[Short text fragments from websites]

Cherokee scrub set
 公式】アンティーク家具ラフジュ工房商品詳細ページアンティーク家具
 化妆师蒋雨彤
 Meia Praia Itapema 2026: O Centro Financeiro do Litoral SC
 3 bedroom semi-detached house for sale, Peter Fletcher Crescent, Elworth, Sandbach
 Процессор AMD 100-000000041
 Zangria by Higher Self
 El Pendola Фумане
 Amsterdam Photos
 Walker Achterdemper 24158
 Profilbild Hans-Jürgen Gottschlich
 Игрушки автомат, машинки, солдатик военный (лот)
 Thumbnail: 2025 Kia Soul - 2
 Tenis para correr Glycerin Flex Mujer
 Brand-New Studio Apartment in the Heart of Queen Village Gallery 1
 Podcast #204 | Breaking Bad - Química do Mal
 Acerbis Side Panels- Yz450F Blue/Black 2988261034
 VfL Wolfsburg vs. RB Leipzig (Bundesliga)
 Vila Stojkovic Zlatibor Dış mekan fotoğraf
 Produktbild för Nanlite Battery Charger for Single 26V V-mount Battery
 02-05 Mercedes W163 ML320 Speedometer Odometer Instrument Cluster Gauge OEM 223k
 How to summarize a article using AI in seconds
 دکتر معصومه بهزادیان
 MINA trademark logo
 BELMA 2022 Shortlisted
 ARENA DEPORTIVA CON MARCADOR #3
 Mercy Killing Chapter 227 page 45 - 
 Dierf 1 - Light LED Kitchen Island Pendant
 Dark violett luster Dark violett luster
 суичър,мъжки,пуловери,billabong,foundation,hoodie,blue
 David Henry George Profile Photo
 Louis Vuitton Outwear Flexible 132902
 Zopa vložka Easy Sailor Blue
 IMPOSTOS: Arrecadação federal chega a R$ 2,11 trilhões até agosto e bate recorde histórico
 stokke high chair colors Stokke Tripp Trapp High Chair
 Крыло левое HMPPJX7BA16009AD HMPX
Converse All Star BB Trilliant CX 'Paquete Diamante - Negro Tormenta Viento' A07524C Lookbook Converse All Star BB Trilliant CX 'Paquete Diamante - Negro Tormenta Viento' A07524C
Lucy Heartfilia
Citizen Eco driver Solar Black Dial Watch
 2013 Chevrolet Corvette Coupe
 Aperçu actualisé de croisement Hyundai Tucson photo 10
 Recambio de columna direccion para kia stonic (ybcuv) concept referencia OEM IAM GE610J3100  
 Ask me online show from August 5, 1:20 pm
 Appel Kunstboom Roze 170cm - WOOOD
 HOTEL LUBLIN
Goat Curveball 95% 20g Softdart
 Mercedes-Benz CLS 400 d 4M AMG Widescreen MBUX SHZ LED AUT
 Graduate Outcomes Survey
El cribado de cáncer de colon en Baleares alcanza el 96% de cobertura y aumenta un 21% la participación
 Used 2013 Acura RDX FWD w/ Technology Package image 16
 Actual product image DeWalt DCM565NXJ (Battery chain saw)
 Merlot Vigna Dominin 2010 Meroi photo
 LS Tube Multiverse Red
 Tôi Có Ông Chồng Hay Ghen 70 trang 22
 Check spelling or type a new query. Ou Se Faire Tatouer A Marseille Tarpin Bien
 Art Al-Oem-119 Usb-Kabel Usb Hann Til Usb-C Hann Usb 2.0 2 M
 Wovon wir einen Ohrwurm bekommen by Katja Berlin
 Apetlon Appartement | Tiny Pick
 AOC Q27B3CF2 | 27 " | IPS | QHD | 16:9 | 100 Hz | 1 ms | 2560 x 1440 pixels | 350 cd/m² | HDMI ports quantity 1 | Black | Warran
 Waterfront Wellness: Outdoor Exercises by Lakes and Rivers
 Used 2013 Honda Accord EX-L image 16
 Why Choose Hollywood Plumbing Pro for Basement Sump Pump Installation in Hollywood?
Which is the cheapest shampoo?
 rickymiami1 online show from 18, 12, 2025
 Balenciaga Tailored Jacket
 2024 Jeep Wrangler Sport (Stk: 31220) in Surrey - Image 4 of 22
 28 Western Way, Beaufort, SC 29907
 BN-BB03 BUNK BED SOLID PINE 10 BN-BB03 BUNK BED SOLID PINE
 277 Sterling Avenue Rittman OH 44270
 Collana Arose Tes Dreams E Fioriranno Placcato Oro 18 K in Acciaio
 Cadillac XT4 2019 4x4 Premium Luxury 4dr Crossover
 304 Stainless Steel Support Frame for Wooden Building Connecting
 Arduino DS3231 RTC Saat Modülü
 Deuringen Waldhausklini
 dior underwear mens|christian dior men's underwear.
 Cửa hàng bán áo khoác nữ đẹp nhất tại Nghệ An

WHAT IS NEEDED
One stretch of the lines above is wanted, from the line that contains "Aperçu actualisé de" through the line that contains "Check spelling or". Output it exactly.

EXPECTED OUTPUT
 Aperçu actualisé de croisement Hyundai Tucson photo 10
 Recambio de columna direccion para kia stonic (ybcuv) concept referencia OEM IAM GE610J3100  
 Ask me online show from August 5, 1:20 pm
 Appel Kunstboom Roze 170cm - WOOOD
 HOTEL LUBLIN
Goat Curveball 95% 20g Softdart
 Mercedes-Benz CLS 400 d 4M AMG Widescreen MBUX SHZ LED AUT
 Graduate Outcomes Survey
El cribado de cáncer de colon en Baleares alcanza el 96% de cobertura y aumenta un 21% la participación
 Used 2013 Acura RDX FWD w/ Technology Package image 16
 Actual product image DeWalt DCM565NXJ (Battery chain saw)
 Merlot Vigna Dominin 2010 Meroi photo
 LS Tube Multiverse Red
 Tôi Có Ông Chồng Hay Ghen 70 trang 22
 Check spelling or type a new query. Ou Se Faire Tatouer A Marseille Tarpin Bien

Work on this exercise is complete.